Note that the output of odgi priv is a graph that does not meet the differential privacy guarantees. We find that it is important to maintain the original graph for the purposes of debugging. However, the full node space of the graph is preserved, which can lead to information leakage. Further processing steps to prune 0-depth nodes and unchop the graph are suggested odgi prune -i x.og -o - -c 1 | odgi sort -i - -o - -O | odgi unchop -i - -o - | odgi sort -i - -p Ygs -o y.og. The strongest privacy guarantees can be achieved by publishing only FASTA sequences for the paths of the emitted graph via odgi paths -f.

OPTIONS

MANDATORY OPTIONS

-i, --idx=FILE

Load the succinct variation graph in ODGI format from this FILE. The file name usually ends with .og.

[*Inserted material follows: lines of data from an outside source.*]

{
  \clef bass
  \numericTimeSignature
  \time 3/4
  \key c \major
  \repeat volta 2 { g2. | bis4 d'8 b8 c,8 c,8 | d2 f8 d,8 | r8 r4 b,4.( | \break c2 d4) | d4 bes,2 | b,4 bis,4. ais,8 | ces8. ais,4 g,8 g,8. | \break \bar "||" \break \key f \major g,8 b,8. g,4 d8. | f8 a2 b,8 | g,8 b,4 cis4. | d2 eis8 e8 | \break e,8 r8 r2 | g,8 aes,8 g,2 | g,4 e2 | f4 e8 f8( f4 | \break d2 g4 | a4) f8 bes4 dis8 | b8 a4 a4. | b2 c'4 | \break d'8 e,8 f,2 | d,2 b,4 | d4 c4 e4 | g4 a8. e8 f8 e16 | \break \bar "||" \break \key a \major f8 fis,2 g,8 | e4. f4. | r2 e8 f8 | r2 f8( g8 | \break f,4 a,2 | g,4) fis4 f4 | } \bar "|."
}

It also accepts GFAv1, but the on-the-fly conversion to the ODGI format requires additional time!

-o, --out=FILE

Write the graph with sub-paths sampled under differential privacy to this FILE (.og recommended).

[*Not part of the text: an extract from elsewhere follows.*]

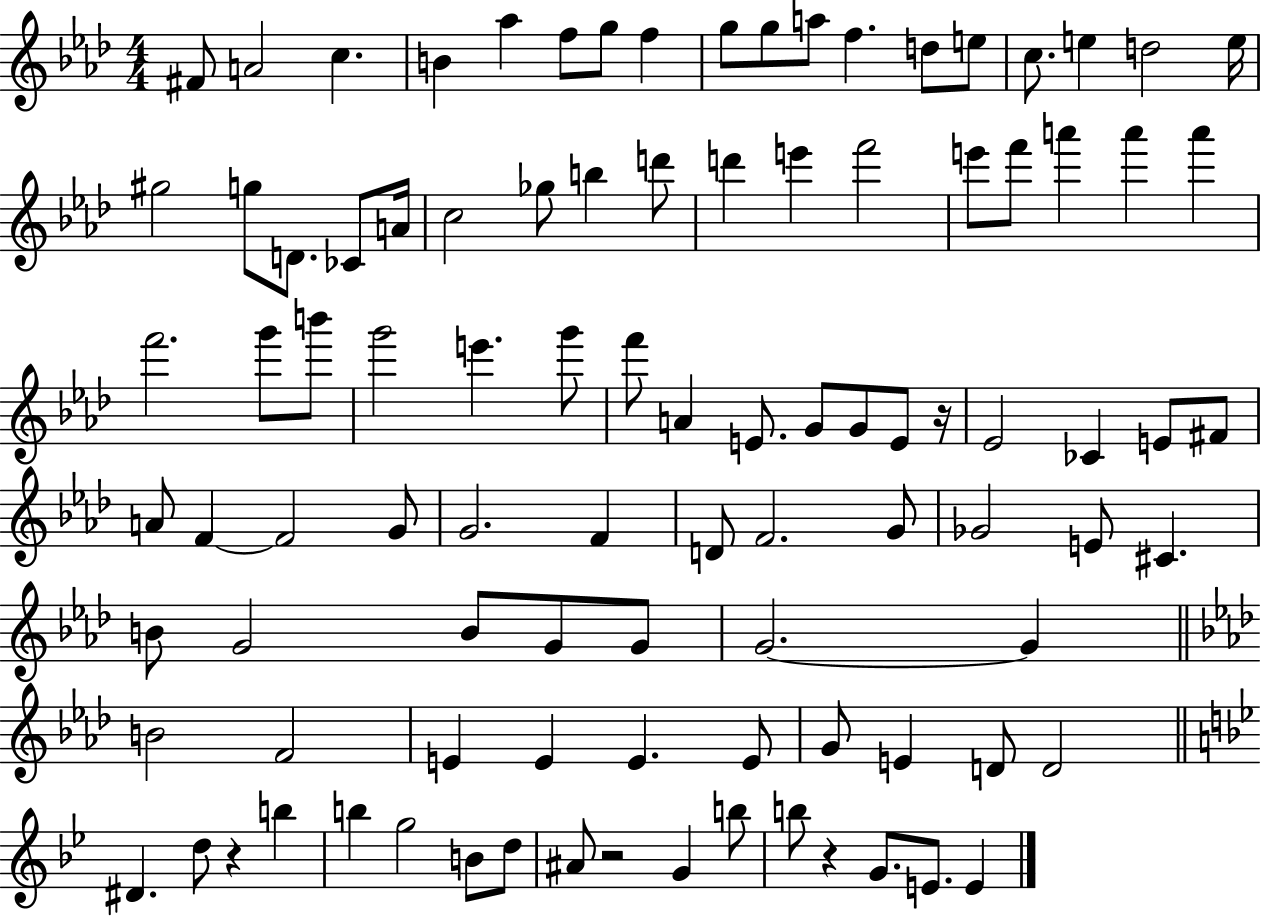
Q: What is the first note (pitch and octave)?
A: F#4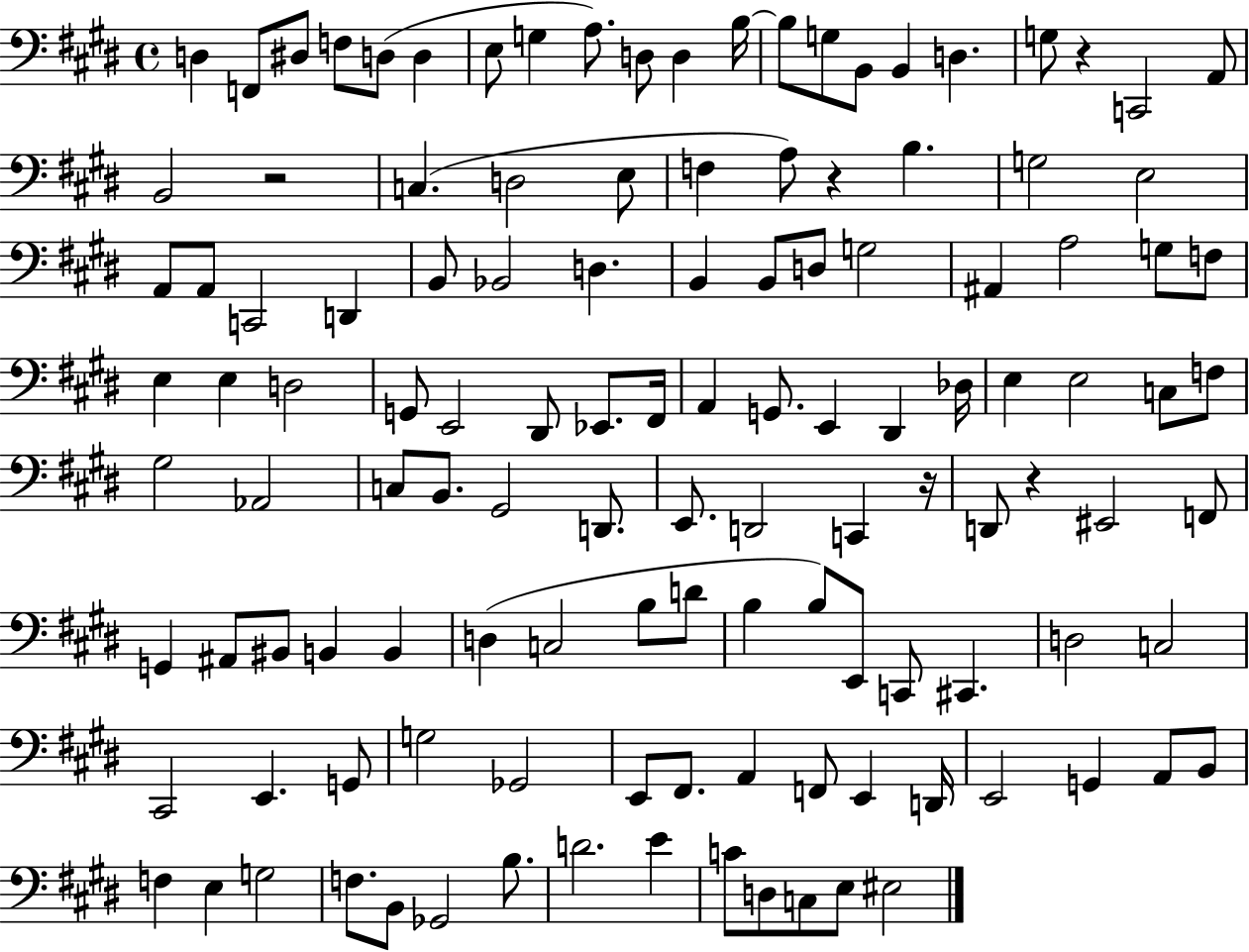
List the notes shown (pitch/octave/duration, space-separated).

D3/q F2/e D#3/e F3/e D3/e D3/q E3/e G3/q A3/e. D3/e D3/q B3/s B3/e G3/e B2/e B2/q D3/q. G3/e R/q C2/h A2/e B2/h R/h C3/q. D3/h E3/e F3/q A3/e R/q B3/q. G3/h E3/h A2/e A2/e C2/h D2/q B2/e Bb2/h D3/q. B2/q B2/e D3/e G3/h A#2/q A3/h G3/e F3/e E3/q E3/q D3/h G2/e E2/h D#2/e Eb2/e. F#2/s A2/q G2/e. E2/q D#2/q Db3/s E3/q E3/h C3/e F3/e G#3/h Ab2/h C3/e B2/e. G#2/h D2/e. E2/e. D2/h C2/q R/s D2/e R/q EIS2/h F2/e G2/q A#2/e BIS2/e B2/q B2/q D3/q C3/h B3/e D4/e B3/q B3/e E2/e C2/e C#2/q. D3/h C3/h C#2/h E2/q. G2/e G3/h Gb2/h E2/e F#2/e. A2/q F2/e E2/q D2/s E2/h G2/q A2/e B2/e F3/q E3/q G3/h F3/e. B2/e Gb2/h B3/e. D4/h. E4/q C4/e D3/e C3/e E3/e EIS3/h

Differential Privacy Mechanism

-e, --epsilon=ε

Epsilon (ε) for exponential mechanism. [default: 0.01]

-d, --target-depth=DEPTH

Sample until we have approximately this path depth over the graph. [default: 1]

-c, --min-hap-freq=N

Minimum frequency (count) of haplotype observation to emit. Singularities occur at -c 1, so we warn against its use. [default: 2]

-b, --bp-target=bp

Target sampled haplotype length. All long haplotypes tend to be rare, so setting this to lengths greater than the typical recombination block size will result in long runtimes and poor sampling of the graph. [default: 10000]

Threading

-t, --threads=N

Number of threads to use for parallel operations.

Processing Information

-P, --progress

Print information about the operations and the progress to stderr.

-W, --write-haps

Write each sampled haplotype to stdout.

Program Information

-h, --help

Print a help message for odgi paths.